» WORK TO BE COMPLETED:
In your copy of the data, omit the pictures and keep all else exactly as given.

» DATA BLOCK:
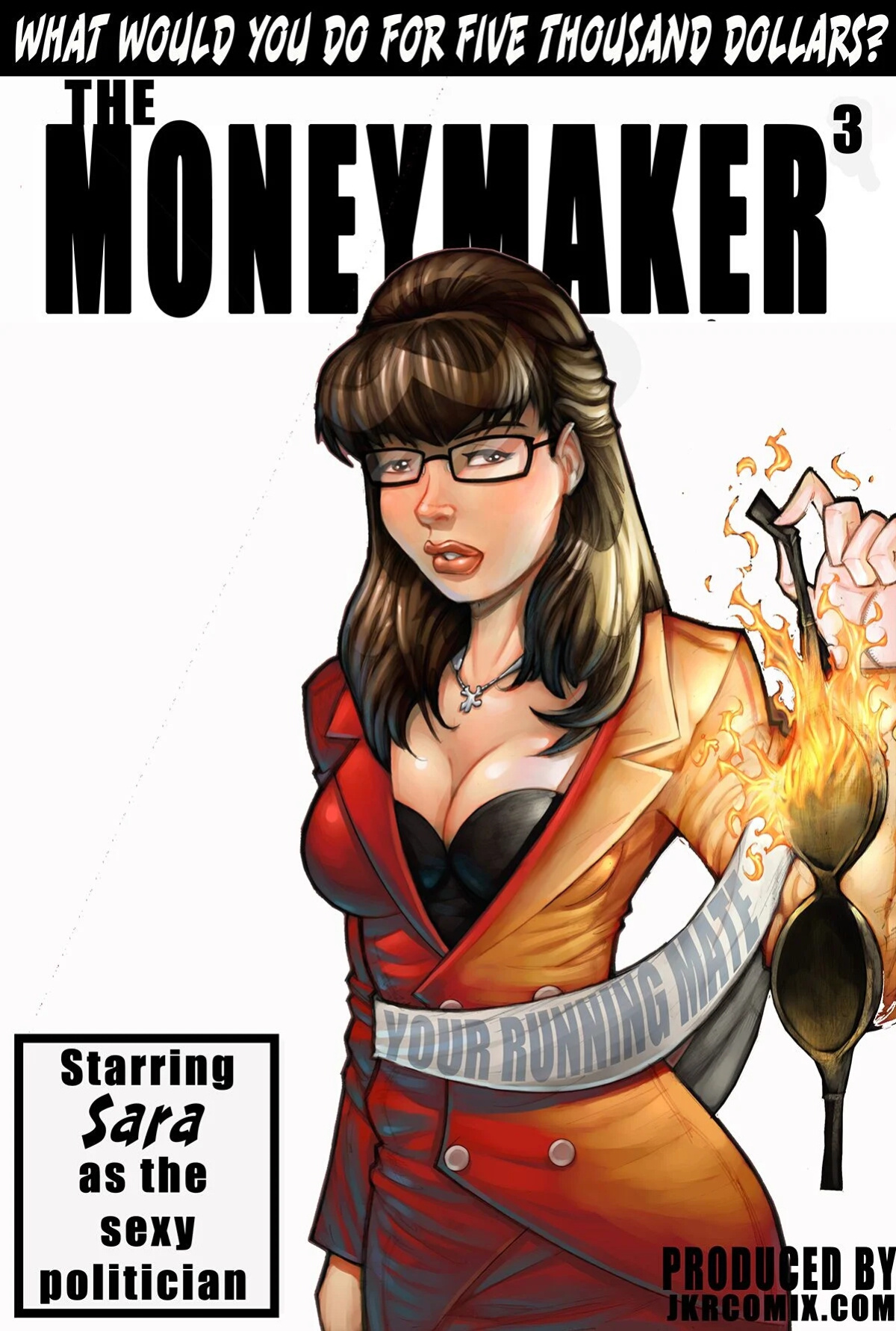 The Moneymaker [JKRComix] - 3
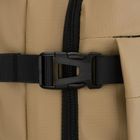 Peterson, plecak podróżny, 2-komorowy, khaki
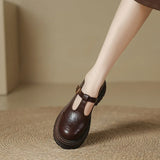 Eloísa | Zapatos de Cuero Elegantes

» ANSWER FOR THE TASK:
 The Moneymaker [JKRComix] - 3
 Peterson, plecak podróżny, 2-komorowy, khaki
 Eloísa | Zapatos de Cuero Elegantes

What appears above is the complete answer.